» **WHAT IS REQUIRED**
Your answer is the line containing "Ζωή Κωνσταντοπούλου (Vid)" plus every line after it through the end of the records, printed exactly and free of pictures.

» **Scraped caption text data**
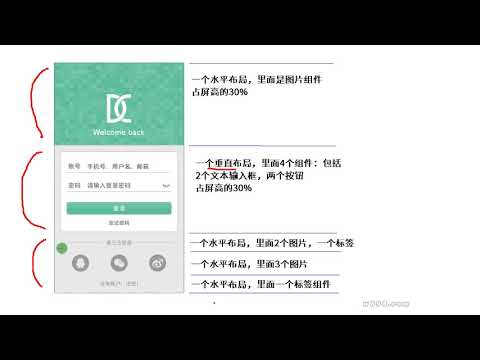 App Inventor水平布局和垂直布局及APP登录界面讲解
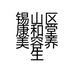 锡山区康和堂美容养生馆的小店个体店
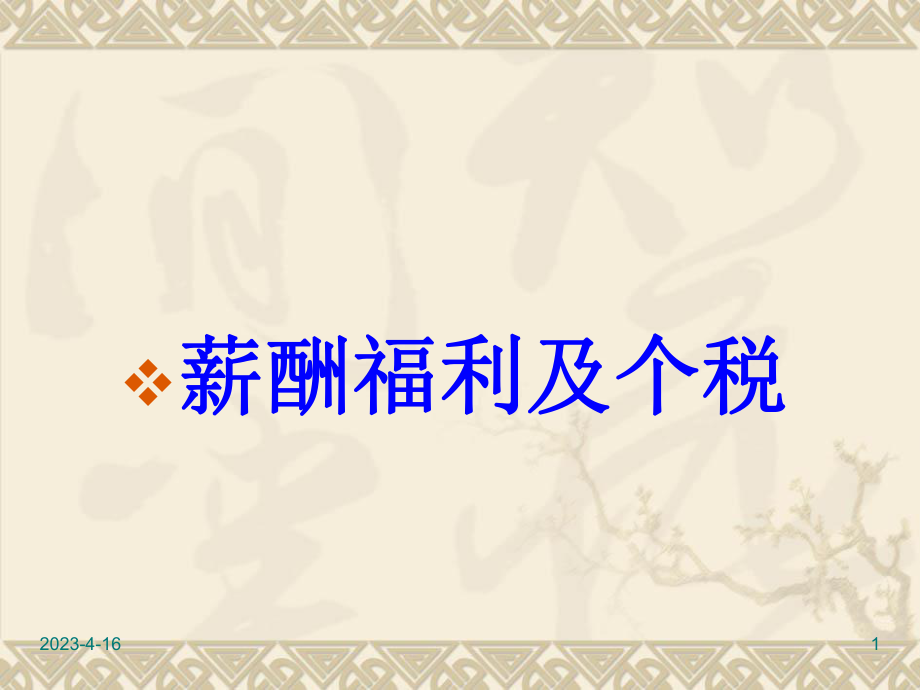 薪酬福利及个税.ppt_第1页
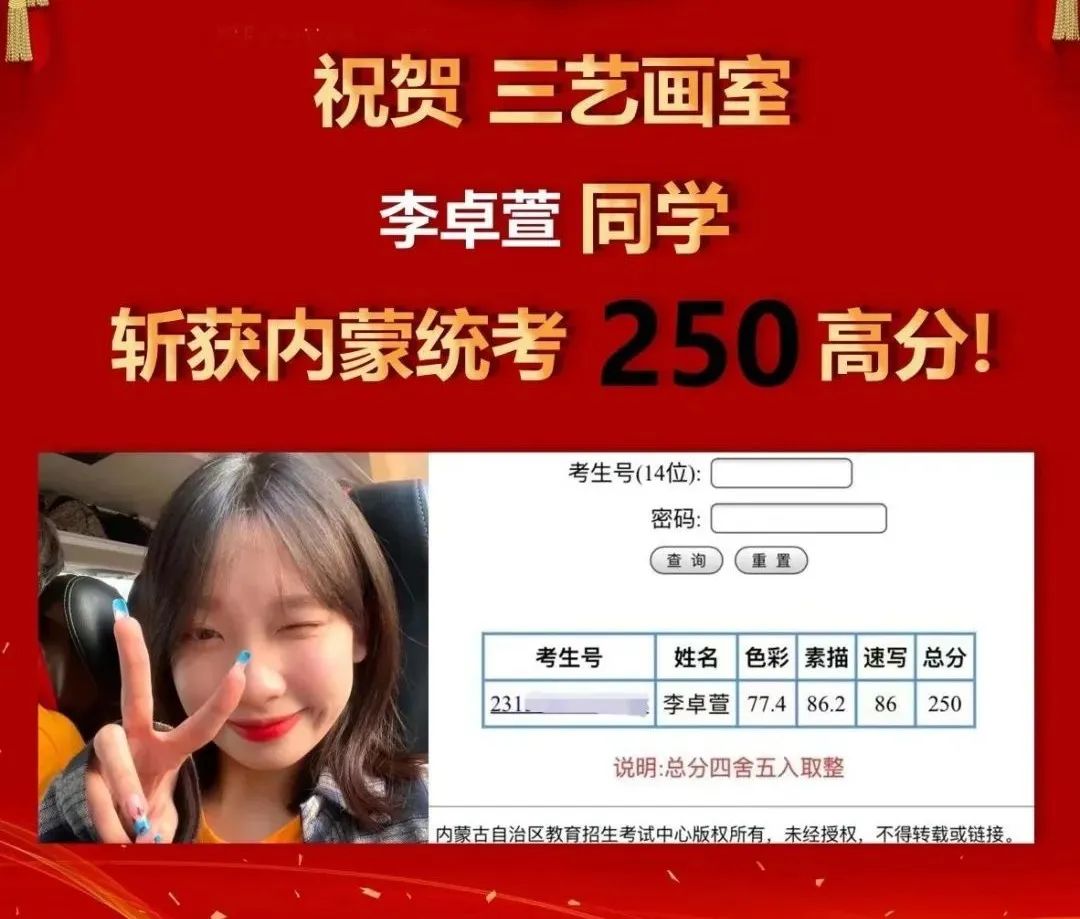 微信图片_20230115105057.jpg 微信图片_20230115105057.jpg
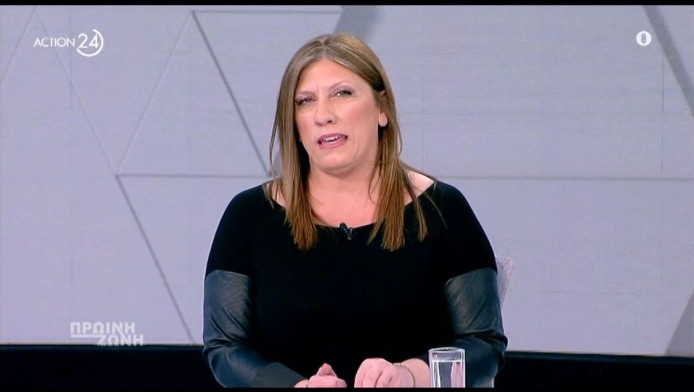 «Όξω βρωμο-ρακούν»: Επικός χαιρετισμός on air στη Ζωή Κωνσταντοπούλου (Vid)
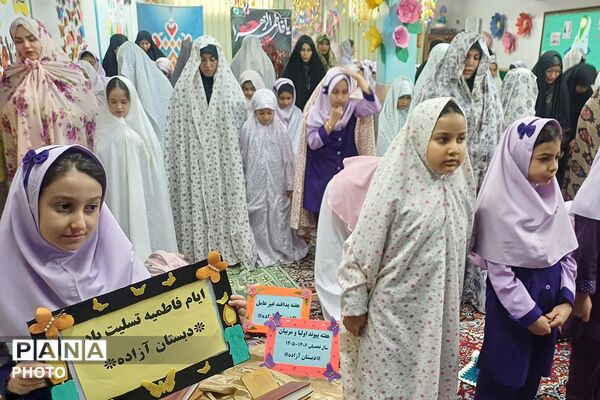 برپایی مجلس عزاداری حضرت زهرا (س) در مدارس آزاده و حاتم شهرری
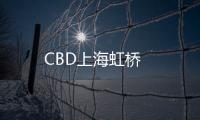 CBD上海虹橋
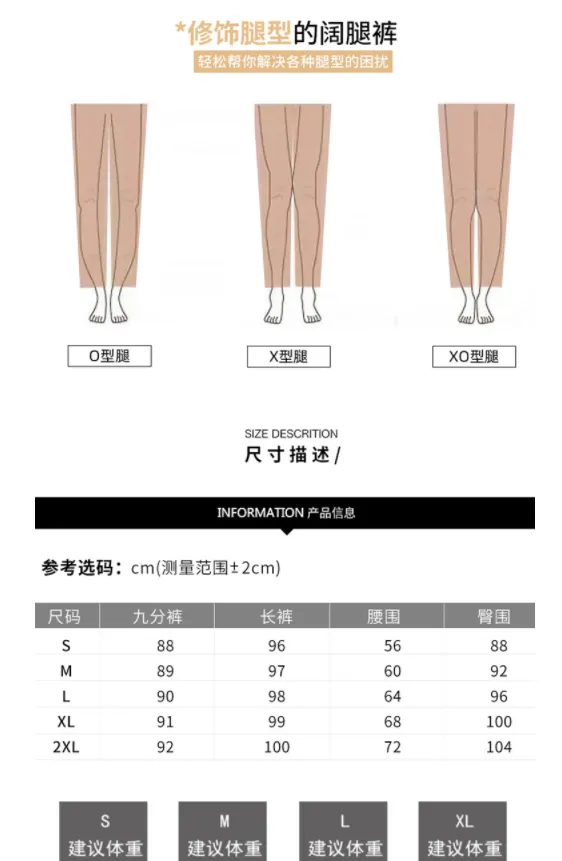 Ice Silk Wide Leg Pants Women High Waist Drape Loose Floor Length Thin Casual Long Straight Pants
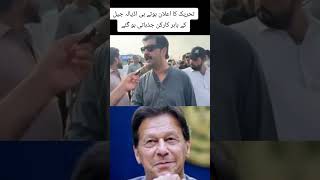 انشاءاللہ اب ان سے پاکستان کو آزادی دلوائیں گے #ptitiger #ptiworkers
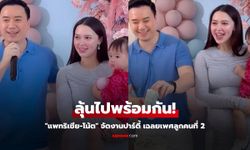 "แพทริเซีย-โน้ต" เฉลยเพศลูกคนที่ 2 แล้ว บรรยากาศอบอุ่นมาก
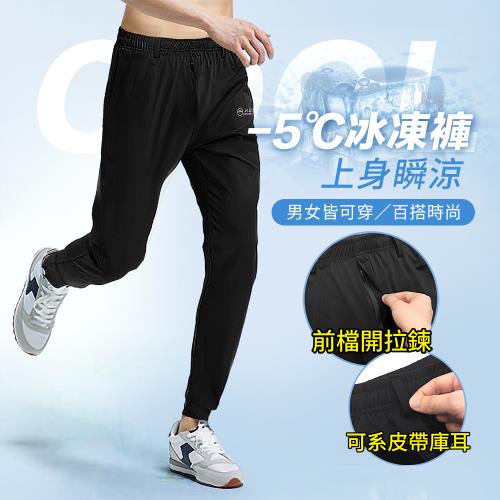 CS衣舖 涼感冰絲 開檔設計 × 彈力束口褲(健身服裝 運動必備 吸排)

» **OUTPUT OF THE EXERCISE**
 «Όξω βρωμο-ρακούν»: Επικός χαιρετισμός on air στη Ζωή Κωνσταντοπούλου (Vid)
 برپایی مجلس عزاداری حضرت زهرا (س) در مدارس آزاده و حاتم شهرری
 CBD上海虹橋
 Ice Silk Wide Leg Pants Women High Waist Drape Loose Floor Length Thin Casual Long Straight Pants
 انشاءاللہ اب ان سے پاکستان کو آزادی دلوائیں گے #ptitiger #ptiworkers
 "แพทริเซีย-โน้ต" เฉลยเพศลูกคนที่ 2 แล้ว บรรยากาศอบอุ่นมาก
 CS衣舖 涼感冰絲 開檔設計 × 彈力束口褲(健身服裝 運動必備 吸排)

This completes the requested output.